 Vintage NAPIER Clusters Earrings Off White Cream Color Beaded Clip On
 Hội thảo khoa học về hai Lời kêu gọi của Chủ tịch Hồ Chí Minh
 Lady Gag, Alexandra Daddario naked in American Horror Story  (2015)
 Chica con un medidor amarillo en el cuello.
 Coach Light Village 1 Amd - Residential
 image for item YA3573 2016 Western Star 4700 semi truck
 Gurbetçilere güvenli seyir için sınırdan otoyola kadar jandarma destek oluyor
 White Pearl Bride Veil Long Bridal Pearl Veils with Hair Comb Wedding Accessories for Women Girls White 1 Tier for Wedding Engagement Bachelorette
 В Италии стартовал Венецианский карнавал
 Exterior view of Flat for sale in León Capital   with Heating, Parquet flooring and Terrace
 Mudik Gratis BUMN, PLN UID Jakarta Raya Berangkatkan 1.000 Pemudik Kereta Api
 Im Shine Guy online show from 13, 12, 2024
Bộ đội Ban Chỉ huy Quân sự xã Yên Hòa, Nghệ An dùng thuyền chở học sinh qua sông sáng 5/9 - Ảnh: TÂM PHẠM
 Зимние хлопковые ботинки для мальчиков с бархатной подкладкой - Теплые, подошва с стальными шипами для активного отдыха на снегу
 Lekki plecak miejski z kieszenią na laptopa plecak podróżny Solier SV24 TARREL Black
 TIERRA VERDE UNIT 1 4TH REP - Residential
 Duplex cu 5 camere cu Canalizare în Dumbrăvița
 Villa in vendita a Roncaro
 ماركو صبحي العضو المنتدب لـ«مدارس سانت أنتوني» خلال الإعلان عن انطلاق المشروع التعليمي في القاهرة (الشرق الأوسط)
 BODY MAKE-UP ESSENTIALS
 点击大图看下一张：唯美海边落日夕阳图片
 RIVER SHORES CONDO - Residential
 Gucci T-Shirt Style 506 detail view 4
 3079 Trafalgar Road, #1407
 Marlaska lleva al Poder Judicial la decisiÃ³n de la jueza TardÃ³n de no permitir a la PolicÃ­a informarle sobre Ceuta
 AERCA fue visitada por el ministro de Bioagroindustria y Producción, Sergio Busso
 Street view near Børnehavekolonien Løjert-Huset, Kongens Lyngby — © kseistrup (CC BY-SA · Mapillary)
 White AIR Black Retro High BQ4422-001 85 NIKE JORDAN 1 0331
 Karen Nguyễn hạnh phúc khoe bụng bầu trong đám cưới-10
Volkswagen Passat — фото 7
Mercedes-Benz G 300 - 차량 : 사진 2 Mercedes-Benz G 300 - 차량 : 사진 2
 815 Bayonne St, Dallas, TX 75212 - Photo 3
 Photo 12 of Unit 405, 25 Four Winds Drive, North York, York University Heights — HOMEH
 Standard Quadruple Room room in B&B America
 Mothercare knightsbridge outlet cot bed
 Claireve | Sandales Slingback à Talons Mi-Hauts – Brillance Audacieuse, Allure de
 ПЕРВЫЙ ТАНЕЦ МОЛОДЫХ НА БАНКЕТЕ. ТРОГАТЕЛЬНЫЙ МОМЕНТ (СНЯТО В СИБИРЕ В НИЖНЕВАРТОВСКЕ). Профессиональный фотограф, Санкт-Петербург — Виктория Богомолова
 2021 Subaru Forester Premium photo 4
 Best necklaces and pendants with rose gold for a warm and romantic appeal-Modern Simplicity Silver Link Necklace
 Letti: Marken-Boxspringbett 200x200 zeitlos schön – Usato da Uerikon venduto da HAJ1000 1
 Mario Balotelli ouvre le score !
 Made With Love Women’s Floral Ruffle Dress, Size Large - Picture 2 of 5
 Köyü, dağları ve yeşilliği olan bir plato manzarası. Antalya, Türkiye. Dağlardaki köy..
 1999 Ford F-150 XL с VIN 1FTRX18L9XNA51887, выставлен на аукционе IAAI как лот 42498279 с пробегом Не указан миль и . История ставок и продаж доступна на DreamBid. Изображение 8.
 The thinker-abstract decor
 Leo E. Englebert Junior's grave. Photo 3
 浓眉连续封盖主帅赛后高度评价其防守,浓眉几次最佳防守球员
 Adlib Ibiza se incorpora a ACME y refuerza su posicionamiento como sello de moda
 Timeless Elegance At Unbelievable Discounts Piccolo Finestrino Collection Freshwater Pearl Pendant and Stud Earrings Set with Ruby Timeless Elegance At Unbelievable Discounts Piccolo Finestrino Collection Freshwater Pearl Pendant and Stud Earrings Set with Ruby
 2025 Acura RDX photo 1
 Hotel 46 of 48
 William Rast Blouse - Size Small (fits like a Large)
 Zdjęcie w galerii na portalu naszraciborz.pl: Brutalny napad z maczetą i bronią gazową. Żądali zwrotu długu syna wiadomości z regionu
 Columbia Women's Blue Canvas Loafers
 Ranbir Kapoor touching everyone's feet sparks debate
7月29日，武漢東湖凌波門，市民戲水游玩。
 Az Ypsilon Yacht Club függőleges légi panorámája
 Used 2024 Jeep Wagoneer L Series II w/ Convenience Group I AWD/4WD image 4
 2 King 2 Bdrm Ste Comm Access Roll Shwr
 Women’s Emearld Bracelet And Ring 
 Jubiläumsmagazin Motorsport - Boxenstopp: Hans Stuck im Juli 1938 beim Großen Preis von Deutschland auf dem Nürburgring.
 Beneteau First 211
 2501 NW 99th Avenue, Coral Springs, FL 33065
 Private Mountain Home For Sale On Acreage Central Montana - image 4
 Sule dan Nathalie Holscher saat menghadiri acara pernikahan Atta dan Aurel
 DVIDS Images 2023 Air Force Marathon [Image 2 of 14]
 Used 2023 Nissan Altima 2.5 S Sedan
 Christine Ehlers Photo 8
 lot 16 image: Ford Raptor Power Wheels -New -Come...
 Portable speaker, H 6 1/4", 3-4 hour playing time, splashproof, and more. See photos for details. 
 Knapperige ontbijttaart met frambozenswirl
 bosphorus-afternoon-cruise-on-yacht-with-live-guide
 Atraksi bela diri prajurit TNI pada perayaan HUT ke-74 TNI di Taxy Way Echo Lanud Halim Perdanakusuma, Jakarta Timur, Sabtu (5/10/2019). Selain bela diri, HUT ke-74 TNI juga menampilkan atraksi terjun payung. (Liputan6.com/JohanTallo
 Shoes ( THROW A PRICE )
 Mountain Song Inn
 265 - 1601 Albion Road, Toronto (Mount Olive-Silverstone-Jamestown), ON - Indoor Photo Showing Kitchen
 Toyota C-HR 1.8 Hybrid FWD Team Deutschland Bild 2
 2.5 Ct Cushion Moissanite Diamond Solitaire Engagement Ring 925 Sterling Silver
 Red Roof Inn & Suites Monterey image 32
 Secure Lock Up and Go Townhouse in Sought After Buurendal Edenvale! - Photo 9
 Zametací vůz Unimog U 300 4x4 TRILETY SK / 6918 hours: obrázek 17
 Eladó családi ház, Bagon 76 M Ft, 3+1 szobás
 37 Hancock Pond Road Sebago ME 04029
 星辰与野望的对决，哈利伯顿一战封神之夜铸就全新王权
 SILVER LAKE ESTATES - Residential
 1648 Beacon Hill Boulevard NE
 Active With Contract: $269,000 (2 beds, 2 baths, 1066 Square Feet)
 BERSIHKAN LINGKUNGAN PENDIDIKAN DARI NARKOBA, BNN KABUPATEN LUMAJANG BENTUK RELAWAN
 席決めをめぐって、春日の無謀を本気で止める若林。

* **TO DO**:
From the material above, retype precisely the lines between the line holding "Karen Nguyễn hạnh" and the line holding "815 Bayonne St, Dallas, TX 75212 - Photo 3", inclusive, and nothing beyond them.

* **ANSWER BOX**:
 Karen Nguyễn hạnh phúc khoe bụng bầu trong đám cưới-10
Volkswagen Passat — фото 7
Mercedes-Benz G 300 - 차량 : 사진 2 Mercedes-Benz G 300 - 차량 : 사진 2
 815 Bayonne St, Dallas, TX 75212 - Photo 3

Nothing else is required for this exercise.